If the multiple listing service is real estate’s greatest invention, it may also be the industry’s greatest source of angst. In an era when the public can easily access information about any property in the U.S., MLS data remains dispersed, with more than 600 systems operating around the country.
That’s not good for brokers, says Sam DeBord, managing broker and vice president of strategic growth for Coldwell Banker Danforth in Seattle. “The job of our association is to put the needs of our broker members and their clients first. That can’t happen if we’re trying to maintain a traditional model that can no longer support them.”
DeBord recently chaired a National Association of REALTORS® presidential advisory group that looked at the future of MLSs. The group recommended that NAR actively encourage consolidation and provide support for MLSs that want to join forces. Among the PAG’s recommendations is a grant program that would help MLSs cover the cost. The idea is expected to be considered during NAR’s budget review process in March.
For some brokers and association executives, consolidation feels like losing local control of data. But DeBord says it isn’t just about a large organization absorbing a smaller one. “There are mergers, partnerships, data shares. We want to kickstart conversations between MLSs in order to achieve better result for REALTORS®—better technology and cost structures and access to broader markets.”
Visions of a more united MLS world have been around for decades. Of the 627 MLSs in operation today, 76 are regional, some with tens of thousands of members. Just in the last four years, the number of MLSs has declined by 19 percent. “But there are still markets where agents need to join three, four, even five MLSs to serve their clients,” DeBord says.

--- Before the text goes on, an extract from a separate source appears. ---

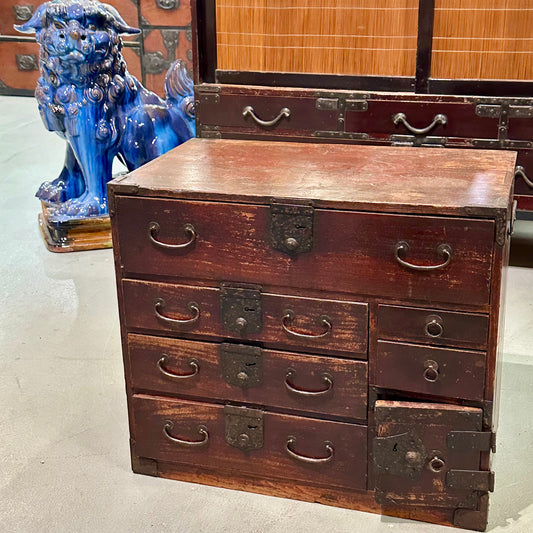 Antique Japanese Meiji Era (c1870’s) Red Lacquer Kodansu Personal Tansu 8 Drawer 23"W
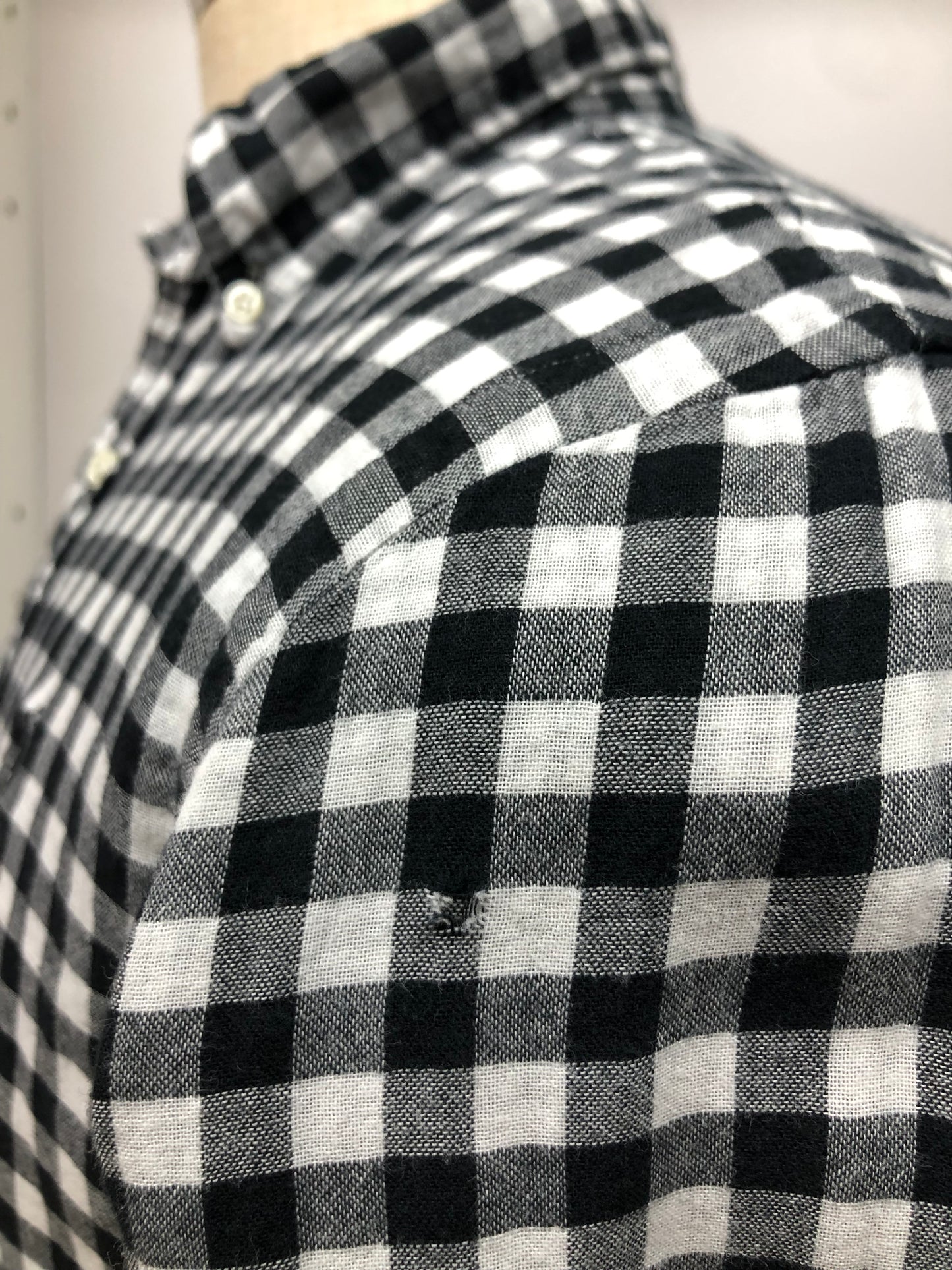 Camisa de mujer Polo Ralph Lauren 🏇🏼 con patrón de cuadros gingham negro y blanco Talla S Entalle Regular (ver descripción)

Achieving a successful consolidation is no walk in the park. Five years ago, a group of Illinois associations began consolidation talks. “We had eight to 12 associations involved in the discussions at any given time. We even got so far as vendor selection,” says Dallas Hancock, CEO of the Peoria Area Association of REALTORS®. After two years of discussion, it was clear the group didn’t have a shared vision, and the effort was disbanded.
Now, it’s back on track with a smaller, more unified group. Later this year, four associations will bring 3,000 REALTORS® from Illinois and two Iowa counties together to form a new MLS, RMLS Alliance. The difference between then and now: a unity of purpose and a solid business plan that lays out governance and division of labor.
While access to a larger market area is often cited as the reason for consolidations, that wasn’t the case with RMLS Alliance, Hancock says. “There was no big member outcry for it, but we looked at the direction things were moving and knew if we wanted to continue to provide our members with the best technology available, we’d need to grow.”
Another union in the offing is NYMLS, the consolidation of New York-area MLSs operated by the Long Island Board of REALTORS® and Hudson Gateway Association of REALTORS®. The combined entity will serve 40,000 REALTORS®. NYMLS has created a website where people from both associations can get updates and read frequently asked questions, says Jim Speer, CEO of the new entity.
Both Speer and Hancock expect additional growth for their joint ventures and say NAR’s support will help. “It’s a fabulous idea,” Speer says. “There are people who know consolidation would make sense, but they don’t know where to turn.”
NAR aims to change that. “From our research and experiences, we know that many MLSs struggle to keep their budgets above water and maintain technology minimums,” DeBord says. “Our consensus was that many more MLSs would engage in a conversation about consolidation if they had the information and funding to ensure success.”